More on literary sources for Isis

I’ve continued to collect ancient literary sources about Isis.  I have a set of working notes (in no particular order) here.  There seems to be a lot of wild talk around about Isis too.

Today my objective was to discover the attitude of Augustus to the cult.  I have read unreferenced claims that Augustus described the cult as “pornographic” — but have yet to find a source for this.  But I did eventually locate the source that showed that he pushed the cult outside the pomerium, not in Tacitus, as several books claim, but in Cassius Dio.

But there is still a lot to do.


5 thoughts on “More on literary sources for Isis

  1. Dear Roger,

    I do not recall ever noticing in any classical source the claim that Augustus found the cult of Isis ‘pornographic’; but my memory may be at fault. On the other hand, this may be one of those baseless ‘urban legends’ that spring up on the internet and are repeated unthinkingly by the credulous.

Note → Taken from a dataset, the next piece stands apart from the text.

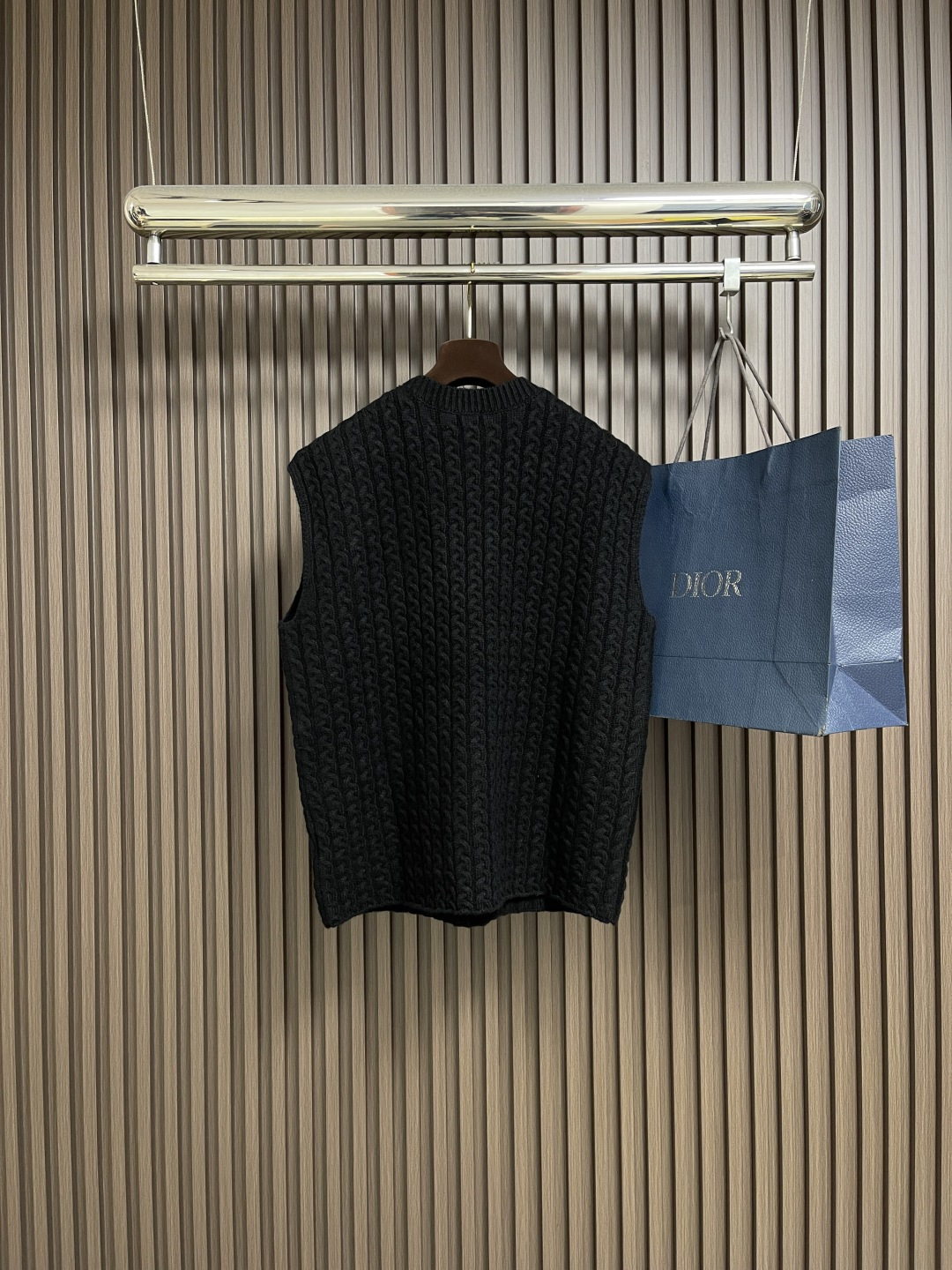🛒🛒Loewe 罗意威 Anagram 麻花编织无袖马甲毛衣，定织重磅丝光羊毛浮雕针织毛料 质感十足 厚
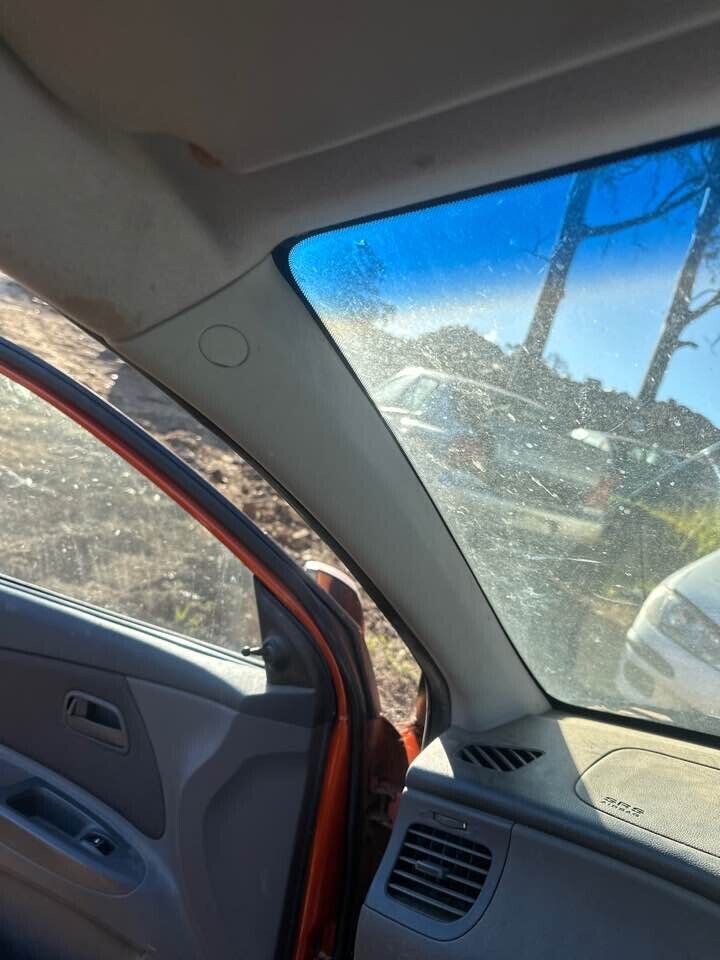 2007 Kia Rio Windscreen LH Inner Pillar Trim #B357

    I have just scrolled quickly through an online English translation of the Life of Augustus in the Lives of Suetonius, and only came up with one passage relevant to the enquiry:

    XCIII. With regard to the religious ceremonies of foreign nations, he was a strict observer of those which had been established by ancient custom; but others he held in no esteem. For, having been initiated at Athens, and coming afterwards to hear a cause at Rome, relative to the privileges of the priests of the Attic Ceres, when some of the mysteries of their sacred rites were to be introduced in the pleadings, he dismissed those who sat upon the bench as judges with him, as well as the by-standers, and beard the argument upon those points himself. But, on the other hand, he not only declined, in his progress through Egypt, to go out of his way to pay a visit to Apis, but he likewise commended his grandson Caius for not paying his devotions at Jerusalem in his passage through Judaea.

    It would seem from this passage that Augustus shared the common Roman view of exotic, foreign religions.

  2. Hi David,

    Thank you for looking for this. If you do a search on ‘Augustus Isis pornographic’ in Google you will find a shoal of sites, none referencing the claim. Interestingly some place “pornographic” in scare-quotes; others — earlier in the chain of transmission, I would guess — do not. It is probably a legend, derived from some article.

    The Suetonius is helpful for context — thank you! I will add it to my list of Isis sources.

  3. Augustus had a temple dedicated to Isis constructed in his name at Shahūr, Egypt, which is about 20 km north of Luxor. See:

    Willems, Harco O. 2007. “Die Theologie der Innenräume des Schenhurtempels.” In Sechste ägyptologische Tempeltagung: Funktion und Gebrauch altägyptischer Tempelräume; Leiden, 4.–7. September 2002, edited by Bernardus Johannes Jozef Haring and Andrea Klug. Königtum, Staat und Gesellschaft früher Hochkulturen 3,1. Wiesbaden: Harrassowitz Verlag. 277–290.

    Willems, Harco O., Filip Coppens, Marleen De Meyer, and Peter Dils. 2003. The temple of Shanhûr. Volume 1: The sanctuary, the wabet, and the gates of the central hall and the great vestibule. Orientalia lovaniensia analecta 124. Leuven: Uitgeverij Peeters and Department Oosterse Studies.

  4. Thank you very much for this.

    I’m not sure that we can infer anything about the policies of an emperor by the building projects done in Egypt itself. Won’t these always tend to reflect the ideas of ancient Egypt, and his status as surrogate pharaoh?